The methods documented here are to be used together with
predict (transactions) to obtain
the expected number of transactions of an average, yet-to-be acquired customer and
with predict (spending) to obtain
the expected spending of an average yet-to-be acquired customer.
See the Method subsection in Details for more explanations.
The methods described here produce the data required as input to
predict(newdata=) to make this new customer prediction.
This is mostly covariate data for static and dynamic covariate models.
See details for the required format.
newcustomer(), newcustomer.static(), newcustomer.dynamic():
To predict the number of transactions a single, fictional, average, yet-to-be acquired
customer is expected to make in the first num.periods periods.
newcustomer.spending(): To estimate how much a single, fictional, average,
yet-to-be acquired customer is expected to spend on average per transaction.
Note that the spending model should be fit with remove.first.transaction=FALSE
because the spending predictions are also used for the first orders.
newcustomer(num.periods)
newcustomer.static(num.periods, data.cov.life, data.cov.trans)
newcustomer.dynamic(
num.periods,
data.cov.life,
data.cov.trans,
first.transaction
)
newcustomer.spending()A positive, numeric scalar indicating the number of periods to predict from the initial transaction.
Numeric-only covariate data for the lifetime process for a single customer, data.table or data.frame. See details.
Numeric-only covariate data for the transaction process for a single customer, data.table or data.frame. See details.
For dynamic covariate models only: The time point of the first transaction of the customer ("coming alive"). Has to be within the time range of the covariate data.
An object of class clv.newcustomer.no.cov
An object of class clv.newcustomer.static.cov
An object of class clv.newcustomer.dynamic.cov
An object of class clv.newcustomer.spending
The covariate data has to contain one column for every covariate parameter in the fitted model. Only numeric values are allowed, no factors or characters. No customer Id is required because the data on which the model was fit is not used for this prediction.
For newcustomer.static(): One column for every covariate parameter in the estimated model.
No column Id. Exactly 1 row of numeric covariate data.
For example: data.frame(Gender=1, Age=30, Channel=0).
For newcustomer.dynamic(): One column for every covariate parameter in the estimated model.

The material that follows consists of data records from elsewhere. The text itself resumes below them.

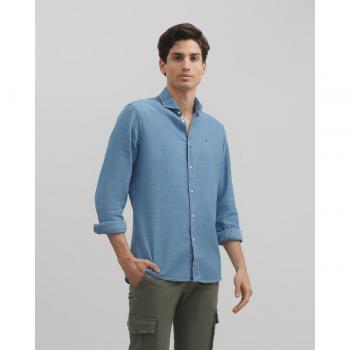 Camisa de hombre slim fit lisa en tono azul claro con cuello italiano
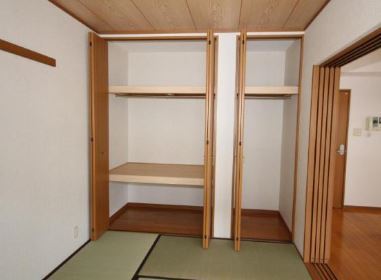 グランド新城　収納　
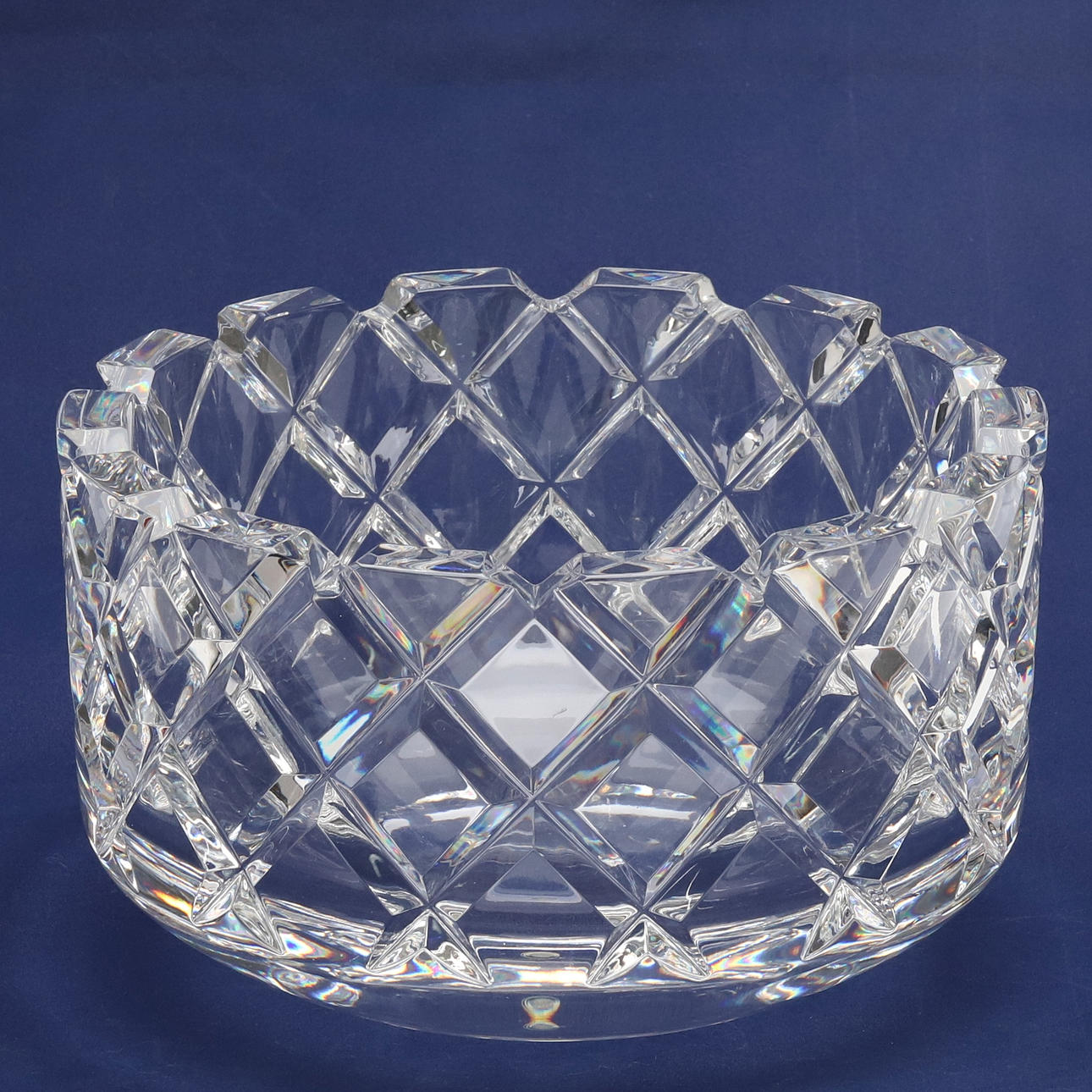GUNNAR CYRÉN. A glass bowl, “Sofiero”, signed, Orrefors.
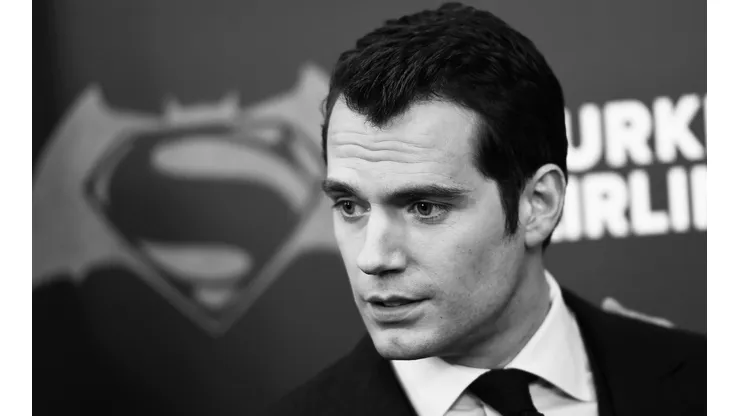 Es oficial: Warner Bros. despidió a Henry Cavill y no volverá a ser Superman.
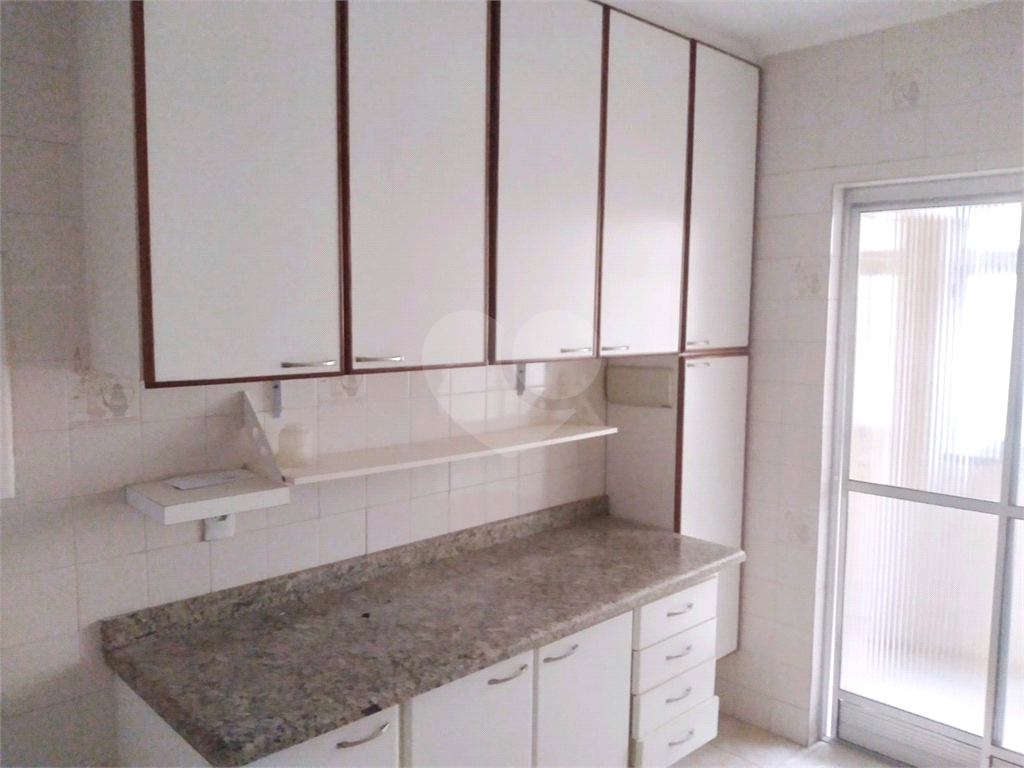 APARTAMENTO em VILA GUSTAVO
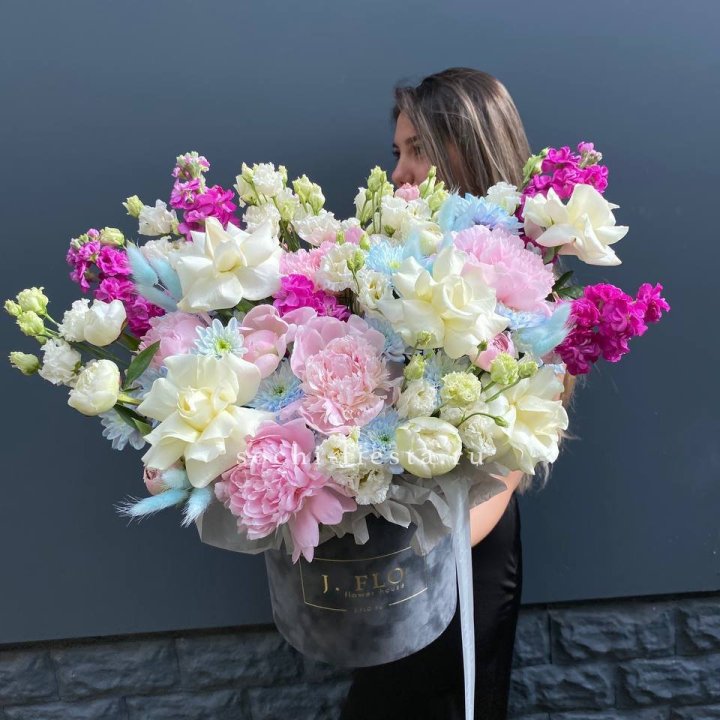 Дизайнерский цилиндр "Пионы гарден" в Великом Новгороде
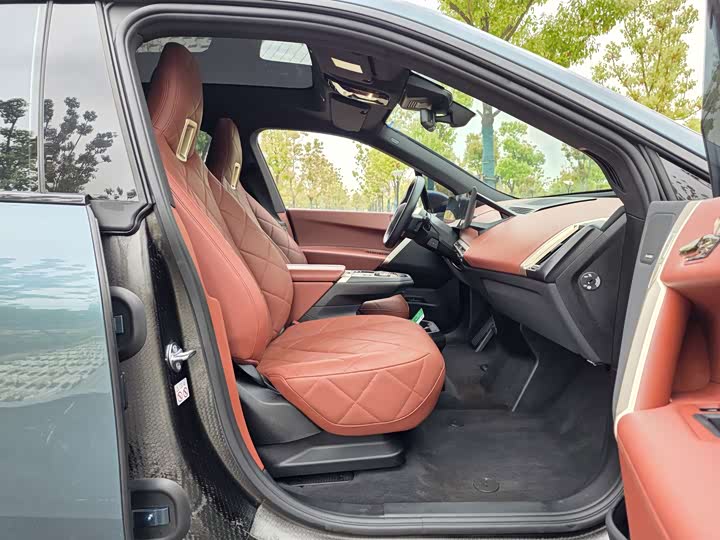 BMW i 2022 x Drive 50 — фото 12
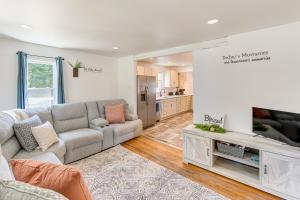 Χώρος καθιστικού στο York Farmhouse Hideaway Near Lake Redman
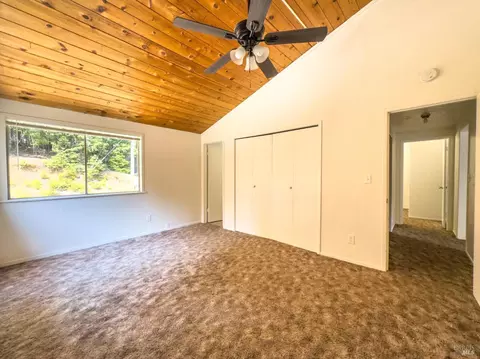 Bedroom - 26011 Otter Dr, Willits, CA 95490 photo 4 of 5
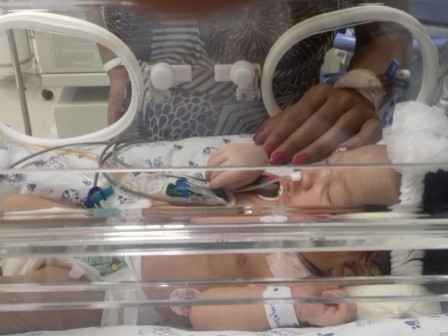 Bebê de dois meses tem morte cerebral após apanhar do pai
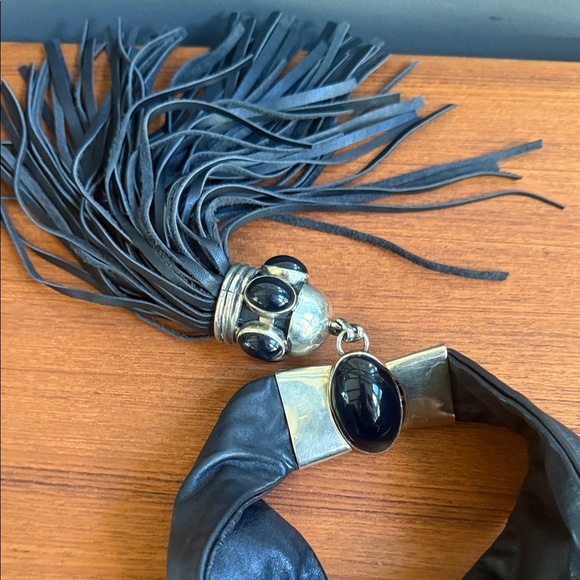 Designer Perez Sanz Elegant Black Shoulder Bag with Tassel - Picture 5 of 14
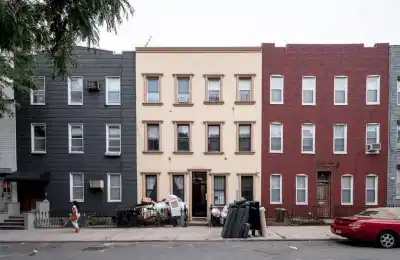 284 Powers St, Brooklyn - New York City, New York, United States - Exterior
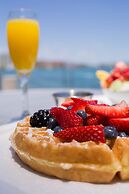 Waterstone Resort & Marina Boca Raton, Curio Collection by Hilton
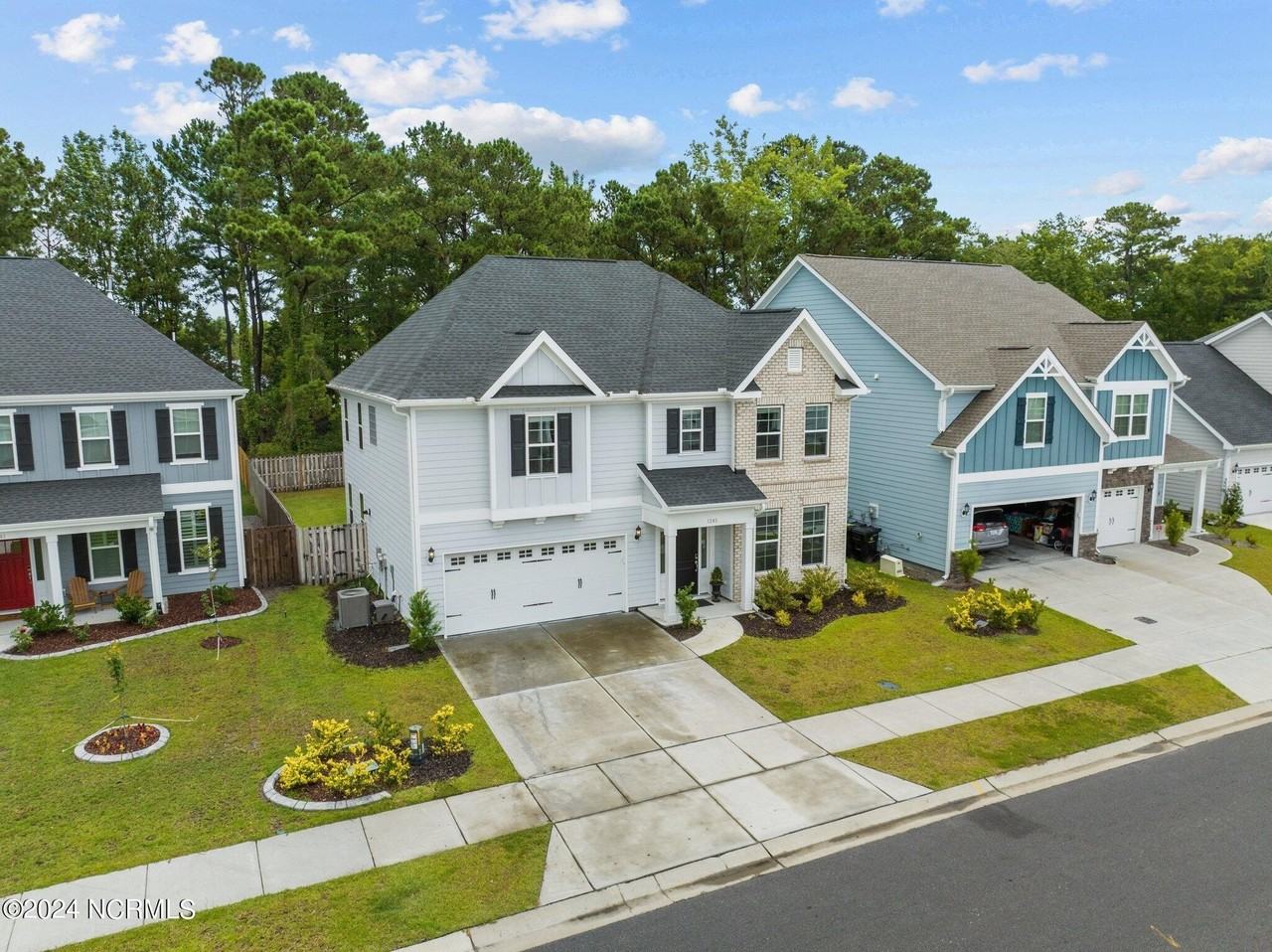 1245 Lt Congleton Rd - Photo 3 of 50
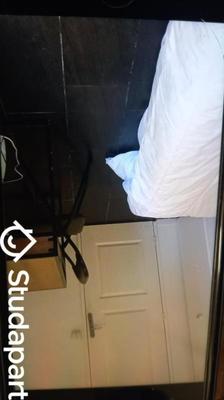 Chambre - 9 m² - 1 pièce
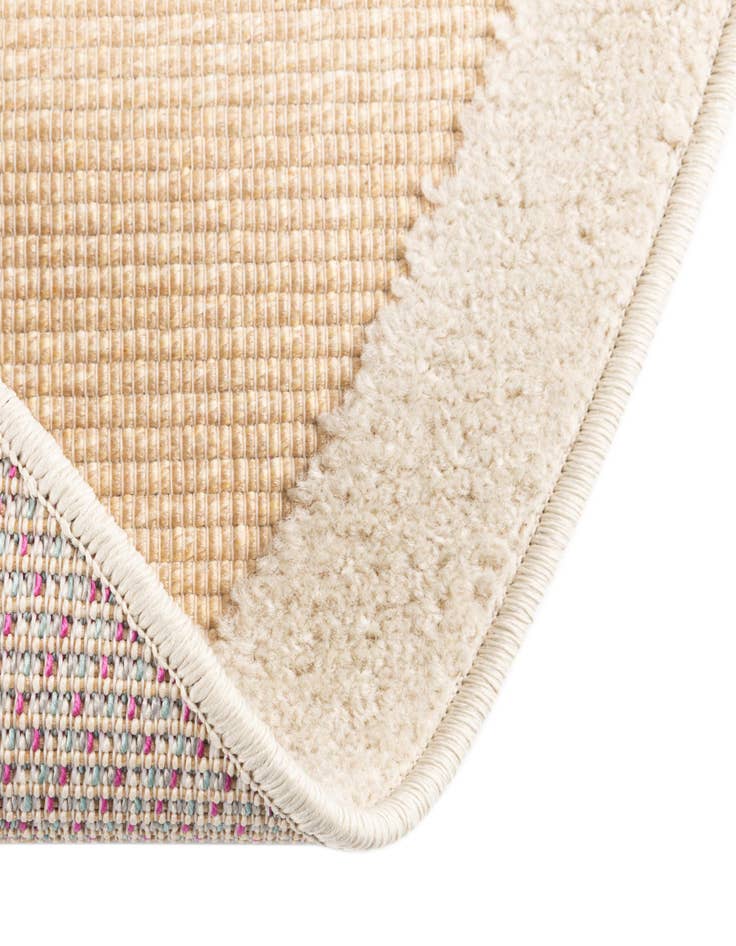 Detail image of 5' 3 x 5' 3 Easy-Clean Aruba Indoor / Outdoor Round Rug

No column Id. A column Cov.Date with time points that mark the start of the period defined by time.unit.
For every Cov.Date, exactly 1 row of numeric covariate data.
For example for weekly covariates: data.frame(Cov.Date=c("2000-01-03", "2000-01-10"), Gender=c(1,1), Channel=c(1, 1), High.Season=c(0,1,0))
If Cov.Date is of type character, the date.format given when creating the the clv.data object is used to parse it.
The data has to cover the time from the customer's first transaction first.transaction
to the end of the prediction period given by t. It does not have to cover the same time range as when fitting the model.
See examples.
For models with dynamic covariates, the time point of the first purchase (first.transaction) is
additionally required because the exact covariates that are active during the prediction period have
to be known.
These predictions are for average, prospective customers: Yet-to-be acquired
customers which still have to place their first order.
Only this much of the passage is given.